Task statement – Go through the records and filter out every line lacking the word "Package"; copy the lines that remain.

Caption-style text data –

________________________________________

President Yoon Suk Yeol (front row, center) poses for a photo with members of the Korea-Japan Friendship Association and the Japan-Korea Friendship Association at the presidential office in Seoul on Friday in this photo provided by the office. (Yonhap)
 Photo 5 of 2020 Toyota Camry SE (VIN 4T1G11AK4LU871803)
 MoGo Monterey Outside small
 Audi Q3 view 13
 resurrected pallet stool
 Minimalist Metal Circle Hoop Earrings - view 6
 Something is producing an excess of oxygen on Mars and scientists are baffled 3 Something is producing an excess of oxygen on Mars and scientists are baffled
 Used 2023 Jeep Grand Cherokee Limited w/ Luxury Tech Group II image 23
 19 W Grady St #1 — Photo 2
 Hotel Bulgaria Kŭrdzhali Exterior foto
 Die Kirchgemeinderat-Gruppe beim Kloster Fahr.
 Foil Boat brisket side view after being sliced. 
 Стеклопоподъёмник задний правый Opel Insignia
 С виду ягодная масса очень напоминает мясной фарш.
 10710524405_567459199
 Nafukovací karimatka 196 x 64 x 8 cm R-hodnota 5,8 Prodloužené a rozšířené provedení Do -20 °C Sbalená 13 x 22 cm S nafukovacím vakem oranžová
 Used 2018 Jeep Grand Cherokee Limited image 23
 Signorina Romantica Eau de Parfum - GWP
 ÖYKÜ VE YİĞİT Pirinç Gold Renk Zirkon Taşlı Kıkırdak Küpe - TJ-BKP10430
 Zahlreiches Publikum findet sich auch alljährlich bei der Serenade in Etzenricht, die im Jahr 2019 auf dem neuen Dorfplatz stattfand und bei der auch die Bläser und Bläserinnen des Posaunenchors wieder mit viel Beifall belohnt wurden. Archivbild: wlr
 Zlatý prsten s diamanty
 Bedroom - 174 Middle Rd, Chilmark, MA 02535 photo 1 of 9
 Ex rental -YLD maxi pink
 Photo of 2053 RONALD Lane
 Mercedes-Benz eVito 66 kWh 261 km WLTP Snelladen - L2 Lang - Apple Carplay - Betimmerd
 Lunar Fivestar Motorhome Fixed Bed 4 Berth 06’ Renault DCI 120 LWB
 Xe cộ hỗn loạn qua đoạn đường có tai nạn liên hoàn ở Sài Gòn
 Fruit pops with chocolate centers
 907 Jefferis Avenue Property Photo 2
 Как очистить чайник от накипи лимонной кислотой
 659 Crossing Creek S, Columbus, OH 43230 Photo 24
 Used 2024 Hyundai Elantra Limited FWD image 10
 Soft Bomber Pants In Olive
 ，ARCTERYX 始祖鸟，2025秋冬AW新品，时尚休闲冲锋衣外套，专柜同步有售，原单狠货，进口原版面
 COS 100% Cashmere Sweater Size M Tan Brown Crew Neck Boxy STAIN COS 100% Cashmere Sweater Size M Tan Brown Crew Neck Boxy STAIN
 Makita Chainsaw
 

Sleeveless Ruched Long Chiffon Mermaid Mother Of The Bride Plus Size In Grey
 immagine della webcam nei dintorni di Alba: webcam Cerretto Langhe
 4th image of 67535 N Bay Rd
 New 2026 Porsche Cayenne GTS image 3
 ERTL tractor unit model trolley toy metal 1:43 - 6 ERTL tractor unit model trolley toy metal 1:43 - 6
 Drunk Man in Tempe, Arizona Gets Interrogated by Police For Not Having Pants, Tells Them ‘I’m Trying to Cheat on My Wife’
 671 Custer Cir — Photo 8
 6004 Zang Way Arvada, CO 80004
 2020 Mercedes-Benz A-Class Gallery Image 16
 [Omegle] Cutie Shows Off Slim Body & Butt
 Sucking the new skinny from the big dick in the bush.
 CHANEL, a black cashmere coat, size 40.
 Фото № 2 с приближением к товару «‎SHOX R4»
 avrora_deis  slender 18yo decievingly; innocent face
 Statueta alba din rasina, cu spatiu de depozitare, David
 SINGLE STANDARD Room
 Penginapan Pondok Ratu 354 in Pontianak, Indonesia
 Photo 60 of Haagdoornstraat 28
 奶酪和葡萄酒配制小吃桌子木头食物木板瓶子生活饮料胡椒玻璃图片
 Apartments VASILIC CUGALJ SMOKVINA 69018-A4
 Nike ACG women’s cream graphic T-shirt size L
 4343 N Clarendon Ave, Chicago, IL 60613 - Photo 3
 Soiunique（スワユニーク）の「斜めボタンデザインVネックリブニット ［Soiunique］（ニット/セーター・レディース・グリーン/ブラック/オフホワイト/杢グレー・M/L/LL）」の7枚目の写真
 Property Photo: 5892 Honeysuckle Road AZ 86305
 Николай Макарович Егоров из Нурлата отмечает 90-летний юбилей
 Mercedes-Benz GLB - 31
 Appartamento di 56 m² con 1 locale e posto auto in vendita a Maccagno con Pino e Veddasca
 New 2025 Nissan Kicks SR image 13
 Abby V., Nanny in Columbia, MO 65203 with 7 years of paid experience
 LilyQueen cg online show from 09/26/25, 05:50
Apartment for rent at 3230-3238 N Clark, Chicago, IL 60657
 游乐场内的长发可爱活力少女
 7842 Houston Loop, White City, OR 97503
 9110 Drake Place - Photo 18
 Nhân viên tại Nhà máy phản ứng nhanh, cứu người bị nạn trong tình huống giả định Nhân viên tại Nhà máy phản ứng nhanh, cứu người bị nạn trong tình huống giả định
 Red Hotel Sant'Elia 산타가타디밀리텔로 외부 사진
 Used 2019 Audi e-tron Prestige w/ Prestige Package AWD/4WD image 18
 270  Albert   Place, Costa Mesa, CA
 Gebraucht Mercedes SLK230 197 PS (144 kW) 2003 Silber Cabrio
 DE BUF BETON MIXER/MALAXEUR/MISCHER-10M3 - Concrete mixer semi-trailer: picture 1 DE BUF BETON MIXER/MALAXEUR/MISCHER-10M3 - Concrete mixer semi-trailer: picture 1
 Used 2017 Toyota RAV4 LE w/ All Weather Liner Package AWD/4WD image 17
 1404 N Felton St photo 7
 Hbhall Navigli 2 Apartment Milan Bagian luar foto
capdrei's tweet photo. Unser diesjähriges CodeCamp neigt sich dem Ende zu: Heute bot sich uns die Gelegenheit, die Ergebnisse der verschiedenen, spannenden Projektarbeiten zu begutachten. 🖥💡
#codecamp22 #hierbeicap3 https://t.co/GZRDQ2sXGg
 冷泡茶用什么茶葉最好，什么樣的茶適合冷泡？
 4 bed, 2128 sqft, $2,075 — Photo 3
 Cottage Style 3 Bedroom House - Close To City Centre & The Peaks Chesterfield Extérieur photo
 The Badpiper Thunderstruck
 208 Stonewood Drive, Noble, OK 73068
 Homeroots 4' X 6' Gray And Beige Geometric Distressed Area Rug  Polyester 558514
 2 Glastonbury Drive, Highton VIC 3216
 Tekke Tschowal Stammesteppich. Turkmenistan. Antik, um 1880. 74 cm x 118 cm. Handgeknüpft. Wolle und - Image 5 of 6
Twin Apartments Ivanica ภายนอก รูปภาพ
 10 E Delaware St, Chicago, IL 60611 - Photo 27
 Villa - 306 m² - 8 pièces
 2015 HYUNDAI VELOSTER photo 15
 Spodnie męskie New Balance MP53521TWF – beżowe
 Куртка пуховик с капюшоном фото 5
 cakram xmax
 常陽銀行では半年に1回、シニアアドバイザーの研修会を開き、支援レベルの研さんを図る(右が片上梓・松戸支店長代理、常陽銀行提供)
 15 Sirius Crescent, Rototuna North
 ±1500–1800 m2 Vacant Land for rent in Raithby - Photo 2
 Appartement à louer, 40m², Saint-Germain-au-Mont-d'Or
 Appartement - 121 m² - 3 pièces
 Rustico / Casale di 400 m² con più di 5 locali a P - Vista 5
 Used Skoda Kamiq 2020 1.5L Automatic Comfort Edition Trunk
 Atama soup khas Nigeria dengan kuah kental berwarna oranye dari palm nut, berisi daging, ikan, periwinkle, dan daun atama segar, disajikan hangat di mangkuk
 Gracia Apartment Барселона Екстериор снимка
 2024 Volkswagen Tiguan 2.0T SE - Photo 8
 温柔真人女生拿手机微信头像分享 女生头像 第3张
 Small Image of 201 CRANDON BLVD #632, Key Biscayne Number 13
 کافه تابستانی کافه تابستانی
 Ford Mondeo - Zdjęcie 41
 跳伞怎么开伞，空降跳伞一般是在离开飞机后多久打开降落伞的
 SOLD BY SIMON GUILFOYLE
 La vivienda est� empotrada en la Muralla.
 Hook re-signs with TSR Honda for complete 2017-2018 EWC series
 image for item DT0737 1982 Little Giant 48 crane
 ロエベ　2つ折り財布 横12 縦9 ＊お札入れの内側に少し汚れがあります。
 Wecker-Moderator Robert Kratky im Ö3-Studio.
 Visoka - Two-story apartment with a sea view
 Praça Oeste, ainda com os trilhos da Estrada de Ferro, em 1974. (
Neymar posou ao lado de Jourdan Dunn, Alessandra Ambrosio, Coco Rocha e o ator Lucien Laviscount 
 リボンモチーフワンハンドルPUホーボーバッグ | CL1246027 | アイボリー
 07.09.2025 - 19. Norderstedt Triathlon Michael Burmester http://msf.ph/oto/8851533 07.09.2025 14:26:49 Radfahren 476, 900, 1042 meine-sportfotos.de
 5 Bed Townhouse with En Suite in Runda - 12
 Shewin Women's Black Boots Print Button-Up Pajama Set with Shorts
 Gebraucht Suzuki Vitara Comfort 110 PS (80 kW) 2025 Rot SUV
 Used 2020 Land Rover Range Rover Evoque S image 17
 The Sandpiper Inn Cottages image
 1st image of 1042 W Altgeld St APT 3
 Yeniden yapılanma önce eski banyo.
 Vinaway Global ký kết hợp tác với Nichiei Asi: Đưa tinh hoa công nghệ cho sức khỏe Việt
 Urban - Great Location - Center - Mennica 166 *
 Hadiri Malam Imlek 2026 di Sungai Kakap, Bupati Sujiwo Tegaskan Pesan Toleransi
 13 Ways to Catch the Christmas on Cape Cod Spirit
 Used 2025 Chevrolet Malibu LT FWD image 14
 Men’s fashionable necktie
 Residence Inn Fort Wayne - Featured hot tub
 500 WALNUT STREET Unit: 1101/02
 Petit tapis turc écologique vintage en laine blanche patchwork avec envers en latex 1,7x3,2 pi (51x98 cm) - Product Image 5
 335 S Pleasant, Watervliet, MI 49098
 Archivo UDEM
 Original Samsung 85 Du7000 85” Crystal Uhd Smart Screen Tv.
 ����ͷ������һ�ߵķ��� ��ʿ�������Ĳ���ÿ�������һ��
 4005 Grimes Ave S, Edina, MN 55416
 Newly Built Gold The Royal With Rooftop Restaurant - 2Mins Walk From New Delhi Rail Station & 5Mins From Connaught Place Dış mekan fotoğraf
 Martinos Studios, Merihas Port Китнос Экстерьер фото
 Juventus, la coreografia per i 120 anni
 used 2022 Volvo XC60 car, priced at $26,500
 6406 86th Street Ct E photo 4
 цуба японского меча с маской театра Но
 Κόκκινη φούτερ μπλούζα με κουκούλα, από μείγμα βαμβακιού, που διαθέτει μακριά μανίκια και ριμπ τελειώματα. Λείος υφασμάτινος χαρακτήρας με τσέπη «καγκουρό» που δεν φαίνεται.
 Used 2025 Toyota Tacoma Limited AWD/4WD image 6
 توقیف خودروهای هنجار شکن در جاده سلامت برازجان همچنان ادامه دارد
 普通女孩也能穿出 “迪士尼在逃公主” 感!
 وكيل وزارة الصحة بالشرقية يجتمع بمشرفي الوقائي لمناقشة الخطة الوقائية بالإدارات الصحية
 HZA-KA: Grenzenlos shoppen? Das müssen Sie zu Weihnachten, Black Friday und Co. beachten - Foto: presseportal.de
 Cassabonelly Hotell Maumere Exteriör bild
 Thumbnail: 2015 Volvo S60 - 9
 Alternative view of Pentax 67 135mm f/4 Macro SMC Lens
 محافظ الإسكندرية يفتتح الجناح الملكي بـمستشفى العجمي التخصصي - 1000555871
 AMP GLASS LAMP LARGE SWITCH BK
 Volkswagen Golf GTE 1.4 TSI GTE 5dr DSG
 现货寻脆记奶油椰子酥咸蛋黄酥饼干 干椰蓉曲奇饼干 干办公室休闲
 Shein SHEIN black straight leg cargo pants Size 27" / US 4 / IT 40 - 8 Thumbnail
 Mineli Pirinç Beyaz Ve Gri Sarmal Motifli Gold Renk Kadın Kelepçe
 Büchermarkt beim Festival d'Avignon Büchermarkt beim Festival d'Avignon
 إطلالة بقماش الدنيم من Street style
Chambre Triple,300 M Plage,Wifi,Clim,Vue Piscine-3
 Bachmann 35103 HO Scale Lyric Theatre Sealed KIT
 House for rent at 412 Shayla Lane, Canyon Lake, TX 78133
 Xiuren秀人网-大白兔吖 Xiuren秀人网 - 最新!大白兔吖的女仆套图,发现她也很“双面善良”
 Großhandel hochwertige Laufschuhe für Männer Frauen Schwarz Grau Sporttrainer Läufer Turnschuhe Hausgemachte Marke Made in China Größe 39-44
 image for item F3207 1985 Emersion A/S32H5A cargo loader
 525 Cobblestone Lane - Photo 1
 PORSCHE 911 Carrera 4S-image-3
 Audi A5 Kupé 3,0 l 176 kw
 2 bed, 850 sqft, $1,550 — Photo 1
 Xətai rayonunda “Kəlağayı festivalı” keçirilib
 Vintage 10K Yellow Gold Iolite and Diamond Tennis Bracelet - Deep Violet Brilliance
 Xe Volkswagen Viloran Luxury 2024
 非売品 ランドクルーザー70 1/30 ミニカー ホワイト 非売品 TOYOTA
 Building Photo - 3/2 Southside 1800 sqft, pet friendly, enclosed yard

________________________________________

Expected answer –
 Used 2019 Audi e-tron Prestige w/ Prestige Package AWD/4WD image 18
 Used 2017 Toyota RAV4 LE w/ All Weather Liner Package AWD/4WD image 17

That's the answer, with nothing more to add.